═══ GIVEN ENTRIES
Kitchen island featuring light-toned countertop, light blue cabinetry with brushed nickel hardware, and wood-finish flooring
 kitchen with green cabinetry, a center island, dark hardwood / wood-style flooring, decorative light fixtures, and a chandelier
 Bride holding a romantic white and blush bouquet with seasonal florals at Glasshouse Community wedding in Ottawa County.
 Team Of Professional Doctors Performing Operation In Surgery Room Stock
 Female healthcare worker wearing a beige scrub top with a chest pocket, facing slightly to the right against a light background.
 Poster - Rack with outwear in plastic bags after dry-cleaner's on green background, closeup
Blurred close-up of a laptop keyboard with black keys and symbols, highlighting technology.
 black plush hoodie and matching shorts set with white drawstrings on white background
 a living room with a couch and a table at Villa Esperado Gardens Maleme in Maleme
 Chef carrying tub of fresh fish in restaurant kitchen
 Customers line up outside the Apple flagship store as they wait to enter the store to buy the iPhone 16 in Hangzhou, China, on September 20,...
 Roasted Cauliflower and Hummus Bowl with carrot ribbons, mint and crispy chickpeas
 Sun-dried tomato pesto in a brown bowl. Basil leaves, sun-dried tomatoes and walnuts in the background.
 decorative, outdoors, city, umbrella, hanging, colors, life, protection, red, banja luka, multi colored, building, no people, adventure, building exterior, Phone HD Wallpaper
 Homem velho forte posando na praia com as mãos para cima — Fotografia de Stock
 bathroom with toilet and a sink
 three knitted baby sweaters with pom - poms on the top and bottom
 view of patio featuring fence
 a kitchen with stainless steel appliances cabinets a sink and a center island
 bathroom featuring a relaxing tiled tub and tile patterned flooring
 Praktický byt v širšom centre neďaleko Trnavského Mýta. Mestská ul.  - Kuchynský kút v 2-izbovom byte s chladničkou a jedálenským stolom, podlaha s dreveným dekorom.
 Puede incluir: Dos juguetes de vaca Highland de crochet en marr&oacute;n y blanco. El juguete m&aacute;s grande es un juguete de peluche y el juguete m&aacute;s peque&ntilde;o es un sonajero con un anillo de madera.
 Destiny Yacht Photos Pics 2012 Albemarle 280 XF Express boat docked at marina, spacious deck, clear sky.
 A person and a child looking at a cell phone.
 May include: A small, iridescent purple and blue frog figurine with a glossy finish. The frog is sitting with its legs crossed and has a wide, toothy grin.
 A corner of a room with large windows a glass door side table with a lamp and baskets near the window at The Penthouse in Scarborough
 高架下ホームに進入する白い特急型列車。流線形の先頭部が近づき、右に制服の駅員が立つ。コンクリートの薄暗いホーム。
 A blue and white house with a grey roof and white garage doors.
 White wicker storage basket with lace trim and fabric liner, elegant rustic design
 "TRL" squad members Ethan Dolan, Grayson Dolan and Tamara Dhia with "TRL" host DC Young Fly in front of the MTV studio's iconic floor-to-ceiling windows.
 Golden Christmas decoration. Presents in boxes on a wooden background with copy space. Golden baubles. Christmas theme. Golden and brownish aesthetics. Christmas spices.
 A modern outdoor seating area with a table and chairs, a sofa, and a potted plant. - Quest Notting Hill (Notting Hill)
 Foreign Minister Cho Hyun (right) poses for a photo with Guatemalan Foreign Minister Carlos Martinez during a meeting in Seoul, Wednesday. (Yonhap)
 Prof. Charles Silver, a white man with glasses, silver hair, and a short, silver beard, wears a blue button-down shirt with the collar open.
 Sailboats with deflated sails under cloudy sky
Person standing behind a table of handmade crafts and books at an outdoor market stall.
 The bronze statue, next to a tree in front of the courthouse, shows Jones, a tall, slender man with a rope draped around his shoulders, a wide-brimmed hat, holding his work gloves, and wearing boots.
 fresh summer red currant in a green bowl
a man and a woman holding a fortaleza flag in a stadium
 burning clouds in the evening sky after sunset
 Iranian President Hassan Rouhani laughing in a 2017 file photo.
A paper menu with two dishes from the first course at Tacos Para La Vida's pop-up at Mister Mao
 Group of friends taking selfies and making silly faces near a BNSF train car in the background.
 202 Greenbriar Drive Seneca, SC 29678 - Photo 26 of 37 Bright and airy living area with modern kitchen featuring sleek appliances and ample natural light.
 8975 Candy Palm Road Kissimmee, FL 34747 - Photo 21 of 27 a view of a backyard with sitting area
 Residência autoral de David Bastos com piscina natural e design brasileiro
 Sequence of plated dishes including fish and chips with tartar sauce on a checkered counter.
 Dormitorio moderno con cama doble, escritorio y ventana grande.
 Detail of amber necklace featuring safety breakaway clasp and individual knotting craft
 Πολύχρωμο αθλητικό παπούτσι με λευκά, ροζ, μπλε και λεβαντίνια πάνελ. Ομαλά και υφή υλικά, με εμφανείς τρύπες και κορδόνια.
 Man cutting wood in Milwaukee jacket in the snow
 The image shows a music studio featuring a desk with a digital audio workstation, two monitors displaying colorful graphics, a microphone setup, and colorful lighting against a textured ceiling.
══════
EXERCISE AIM:
Nothing should appear in the answer except the lines above from the line with "Dormitorio moderno con" through the line with "Man cutting wood", both included, written out exactly.

COMPLETED TASK:
 Dormitorio moderno con cama doble, escritorio y ventana grande.
 Detail of amber necklace featuring safety breakaway clasp and individual knotting craft
 Πολύχρωμο αθλητικό παπούτσι με λευκά, ροζ, μπλε και λεβαντίνια πάνελ. Ομαλά και υφή υλικά, με εμφανείς τρύπες και κορδόνια.
 Man cutting wood in Milwaukee jacket in the snow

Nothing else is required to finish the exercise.